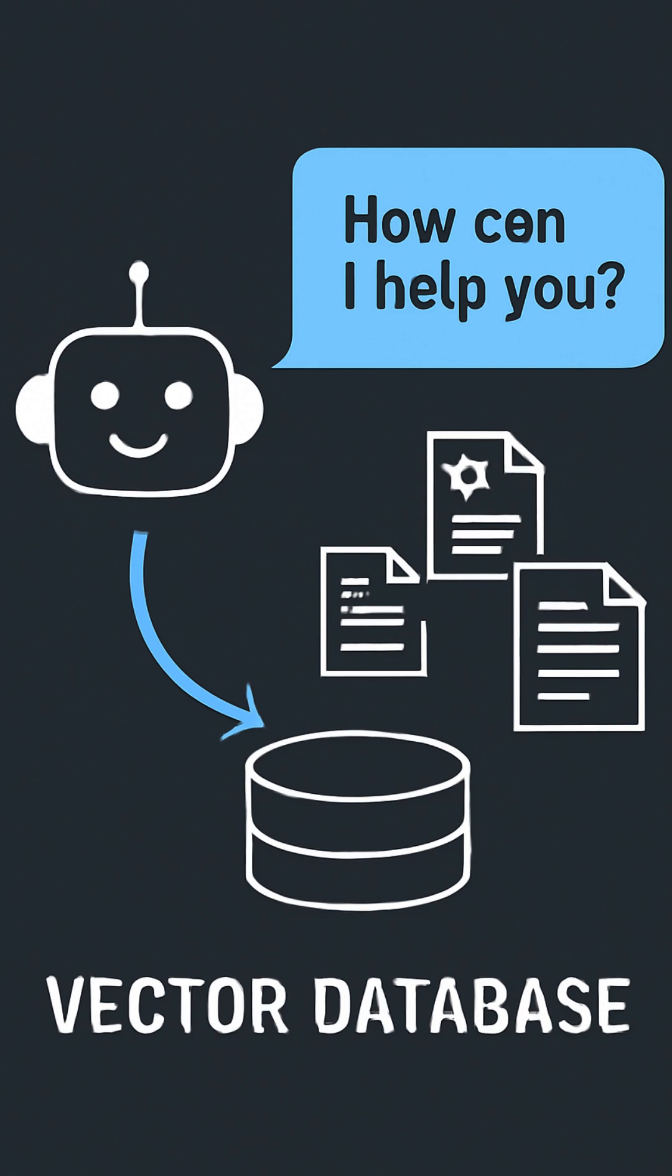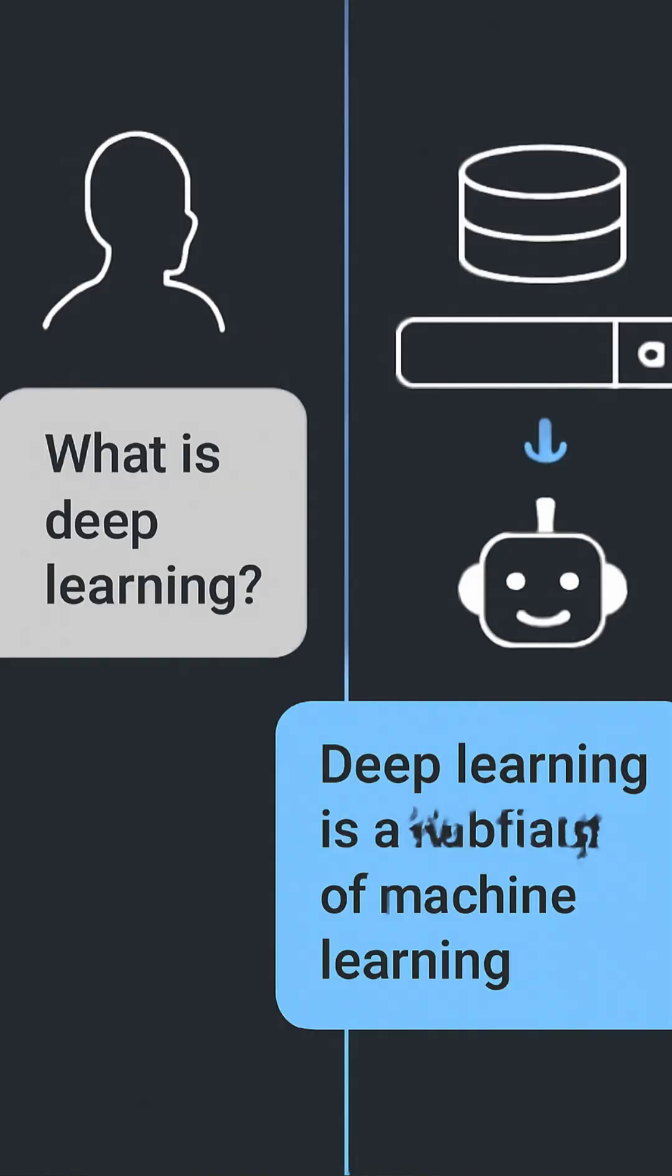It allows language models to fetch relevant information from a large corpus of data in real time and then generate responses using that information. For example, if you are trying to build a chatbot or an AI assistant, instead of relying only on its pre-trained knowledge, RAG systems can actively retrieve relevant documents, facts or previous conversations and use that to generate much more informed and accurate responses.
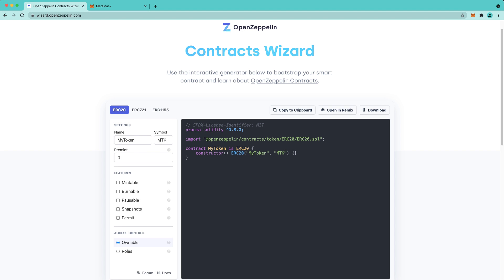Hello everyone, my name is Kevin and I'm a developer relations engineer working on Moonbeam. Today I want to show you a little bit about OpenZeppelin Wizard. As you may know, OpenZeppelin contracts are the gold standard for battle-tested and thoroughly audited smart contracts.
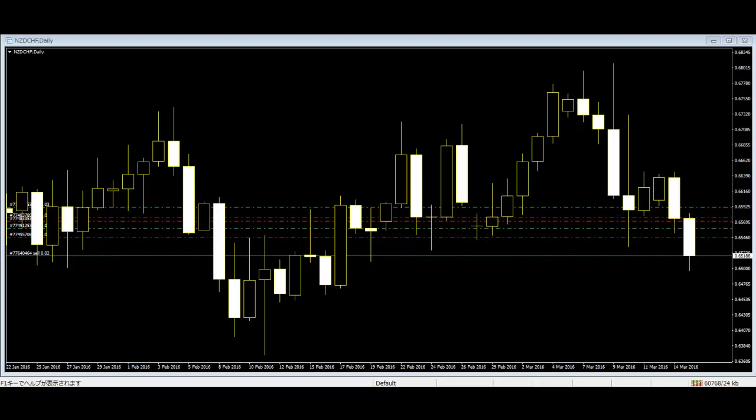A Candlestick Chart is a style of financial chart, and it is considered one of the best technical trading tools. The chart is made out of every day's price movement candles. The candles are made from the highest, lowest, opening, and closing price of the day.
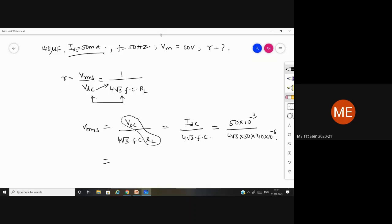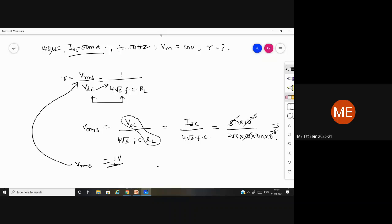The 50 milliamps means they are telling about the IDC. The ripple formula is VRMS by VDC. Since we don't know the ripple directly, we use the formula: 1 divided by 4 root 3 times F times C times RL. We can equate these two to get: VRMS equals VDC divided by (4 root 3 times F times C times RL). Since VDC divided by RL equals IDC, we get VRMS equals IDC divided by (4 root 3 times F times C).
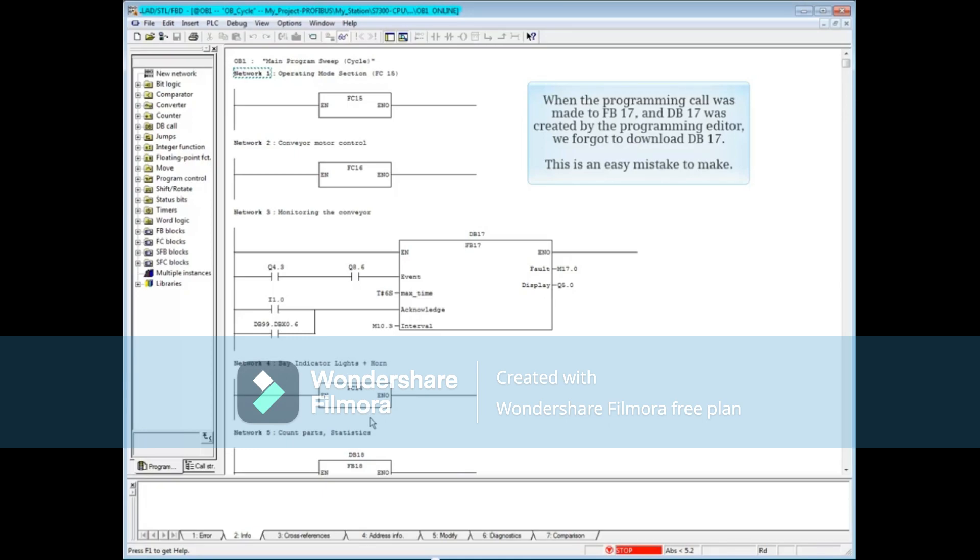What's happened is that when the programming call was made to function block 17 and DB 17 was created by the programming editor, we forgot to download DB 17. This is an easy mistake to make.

===============

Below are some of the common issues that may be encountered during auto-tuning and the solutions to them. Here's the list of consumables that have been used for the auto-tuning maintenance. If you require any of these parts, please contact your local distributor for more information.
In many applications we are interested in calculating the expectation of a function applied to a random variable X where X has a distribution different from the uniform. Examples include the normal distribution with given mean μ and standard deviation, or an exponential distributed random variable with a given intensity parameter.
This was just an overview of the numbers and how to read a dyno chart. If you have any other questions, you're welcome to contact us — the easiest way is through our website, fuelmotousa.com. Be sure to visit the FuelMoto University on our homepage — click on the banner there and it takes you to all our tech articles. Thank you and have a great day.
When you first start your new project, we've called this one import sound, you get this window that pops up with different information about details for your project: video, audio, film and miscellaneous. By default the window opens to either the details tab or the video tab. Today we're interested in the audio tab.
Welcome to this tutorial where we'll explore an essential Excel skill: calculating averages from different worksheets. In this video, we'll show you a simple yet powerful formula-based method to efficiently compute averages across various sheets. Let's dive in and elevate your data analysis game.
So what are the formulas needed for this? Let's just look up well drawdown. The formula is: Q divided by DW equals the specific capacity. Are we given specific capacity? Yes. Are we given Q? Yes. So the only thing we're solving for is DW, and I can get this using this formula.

===============

**WHAT THE TASK ASKS:** Output only an exact transcription of the lines above from the one with "In many applications" up to and including the one with "When you first".

**WRITTEN ANSWER:**
In many applications we are interested in calculating the expectation of a function applied to a random variable X where X has a distribution different from the uniform. Examples include the normal distribution with given mean μ and standard deviation, or an exponential distributed random variable with a given intensity parameter.
This was just an overview of the numbers and how to read a dyno chart. If you have any other questions, you're welcome to contact us — the easiest way is through our website, fuelmotousa.com. Be sure to visit the FuelMoto University on our homepage — click on the banner there and it takes you to all our tech articles. Thank you and have a great day.
When you first start your new project, we've called this one import sound, you get this window that pops up with different information about details for your project: video, audio, film and miscellaneous. By default the window opens to either the details tab or the video tab. Today we're interested in the audio tab.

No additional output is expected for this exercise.